Summary: Question concerning large number of files and transfer t o another directory.

From: Brewer, Edward (BREWERE@OD.NIH.GOV)
Date: Thu Apr 25 2002 - 15:31:32 EDT


Admins,

        Thanks to all of the helpful responses, I copied all of the files
over fast and effectively.

Most of the responses pointed out that having that many files (282,137) in
one directory was a bad idea. I concur, but I am forced to live with that
for now. Our database points to these files and a change of the database
isn't going to happen anytime soon. So the task at hand was for me to copy
all of these files from our production system to development. My first step
was to NFS mount the production system to the development. Then I issued
the following

cd <old directory>
(find . -type f -name "[a-dA-D]*" -print | xargs -i cp -pf {} <new dir>) &
(find . -type f -name "[e-hE-H]*" -print | xargs -i cp -pf {} <new dir>) &
(find . -type f -name "[i-lI-L]*" -print | xargs -i cp -pf {} <new dir>) &
(find . -type f -name "[m-rM-R]*" -print | xargs -i cp -pf {} <new dir>) &
(find . -type f -name "[s-wS-W]*" -print | xargs -i cp -pf {} <new dir>) &
(find . -type f -name "[x-zX-Z]*" -print | xargs -i cp -pf {} <new dir>) &
(find . -type f -name "[1-3]*" -print | xargs -i cp -pf {} <new dir>) &
(find . -type f -name "[4-6]*" -print | xargs -i cp -pf {} <new dir>) &
(find . -type f -name "[7-9]*" -print | xargs -i cp -pf {} <new dir>) &
(find . -type f -name "[._]*" -print | xargs -i cp -pf {} <new dir >) &

The prevailing ideas were to use cpio, tar, vdump and xargs with cp...I
found that the fastest, by using the time command,was spawning several cp
commands using xargs. It was able to achieve 6 MB/sec output over the
network and 120,000 files/hour xfer.

Thanks to all!!! Here are the responses

The Tuning Guide says NEVER to increase maxusers beyond 2048!
   I don't understand why, but there you have it.

   -- mahendra

IMVHO, this is a design error, regardless of any tuning etc.,
and you should (try to) change to a more hierarchical structure ASAP.

I would try
  cd <old directory> ; find . -print | cpio -pdmav <new directory>
(add more options to the "find" if applicable) and wait / see.

  -- Joerg Bruehe

use
find . |cpio -pdmvl "dest-dir"

please check options of cpio(p-create parent dir soft
link ...), since it will work even if it is nfs mount.

  -- Jay Nash

is this something that you'll need to do more than once? Meaning, will the
nfs files change and you need to recopy the files? if so, the rsync
program could be a good choice ( https://rsync.samba.org ). Otherwise, I
would use tar/pax/cpio in the same manner you're using vdump. I don't
really know which is the most effiecient.

  -- Paul

When I want to copy a group of files I use find and cpio.
Find allows me to select the files if I need to and cpio will preserve
timestamps and so on. You might replace find with your own script that
selects just the files you need.

My typical usage is like this:

mkdir /new/directory/area
cd /old/directory
find . -print | cpio -pdumv /new/directory/area

The cpio options are all important, except the v, verbose, option, but
use it while testing at least. Build a sample directory structure to play
with to see the effect of the directory where you start find and the find
directory argument and the directory argument passed to cpio. Once you
get all the paths set properly, the command becomes second nature.

Good luck,
   -- Steve Herber

maxusers is typically increased by powers of 2. Our documentation states
that you should never increase maxusers to 4096 except in a direct response
from our Unix engineering.

For #2, I think I'd create a tar file if you have the room, then extract it
where you want it. But your vdump command looks like it would work

  -- Lavelle, Bryan

> BTW: For now I can not break up the directory into smaller directories.

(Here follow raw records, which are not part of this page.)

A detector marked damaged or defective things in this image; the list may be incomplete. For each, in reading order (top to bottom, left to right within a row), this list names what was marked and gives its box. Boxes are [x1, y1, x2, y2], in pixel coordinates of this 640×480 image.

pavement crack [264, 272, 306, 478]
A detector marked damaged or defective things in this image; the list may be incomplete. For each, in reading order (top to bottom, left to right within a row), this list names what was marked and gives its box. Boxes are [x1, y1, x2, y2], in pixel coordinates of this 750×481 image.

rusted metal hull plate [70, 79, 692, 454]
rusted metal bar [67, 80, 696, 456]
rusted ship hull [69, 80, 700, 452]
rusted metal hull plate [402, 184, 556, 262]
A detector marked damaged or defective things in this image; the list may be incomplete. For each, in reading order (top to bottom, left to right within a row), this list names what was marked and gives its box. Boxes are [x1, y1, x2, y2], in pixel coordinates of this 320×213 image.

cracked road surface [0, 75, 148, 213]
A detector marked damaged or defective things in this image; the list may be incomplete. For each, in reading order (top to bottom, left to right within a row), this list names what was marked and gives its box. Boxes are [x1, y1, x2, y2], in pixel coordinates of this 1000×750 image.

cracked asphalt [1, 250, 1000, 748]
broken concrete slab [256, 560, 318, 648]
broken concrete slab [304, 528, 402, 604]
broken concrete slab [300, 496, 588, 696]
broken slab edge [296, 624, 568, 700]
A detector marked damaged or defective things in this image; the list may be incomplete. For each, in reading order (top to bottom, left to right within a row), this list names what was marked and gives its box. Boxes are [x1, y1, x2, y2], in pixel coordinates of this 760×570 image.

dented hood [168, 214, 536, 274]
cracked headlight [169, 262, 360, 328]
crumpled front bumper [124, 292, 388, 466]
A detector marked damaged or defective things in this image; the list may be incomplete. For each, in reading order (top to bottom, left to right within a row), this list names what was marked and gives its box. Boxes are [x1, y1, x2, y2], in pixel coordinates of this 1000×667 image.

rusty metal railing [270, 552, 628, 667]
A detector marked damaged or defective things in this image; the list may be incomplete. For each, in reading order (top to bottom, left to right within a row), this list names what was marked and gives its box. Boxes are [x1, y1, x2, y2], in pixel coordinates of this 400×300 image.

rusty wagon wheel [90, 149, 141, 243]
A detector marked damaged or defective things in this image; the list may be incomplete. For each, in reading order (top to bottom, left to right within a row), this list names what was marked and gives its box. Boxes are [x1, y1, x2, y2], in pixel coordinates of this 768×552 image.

Why not? It's a bad idea to have that many files in a single directory.
UNIX filesystems are generally very bad at it. You'll find that NFS
doesn't support that many files at all (limit of about 128,000 I think),
and performance will be poor (and I believe the performance degradation
is worse than linear with respect to the number of files). Use some
sort of hashing algorithm to put the files in a hierarchy of smaller
directories. There's a reason netscape does this in your
.netscape/cache directory! It'll cause you a lot less pain in the long
run, I promise you.

Tim.

If the directory is an entire file system, then the vdump
        example is as good a way as any. As far as I known vdump
        is limited to backing up file system as opposed to directory
        trees. If the directory is just part of a directory, then
        you can also use tar and probably cpio. The tar syntax
        is much the same:

                cd /old-directory
                tar cf - . | ( cd /new-directory ; tar xpf - . )

        As for the performance, it depends on whether there are
        250,000 at one level of a directory or 250,000 files in
        the directory tree. Both UFS and AdvFS prior to the on-
        disk format changes in V5, as sensitive to a large number
        of files in one single directory. UFS is much less sensitive
        to a large number spread over many directories. My limited
        experience testing AdvFS in this environment suggested it
        had a comparible problem whether it was many files in a
        single directory or spread over multiple directories.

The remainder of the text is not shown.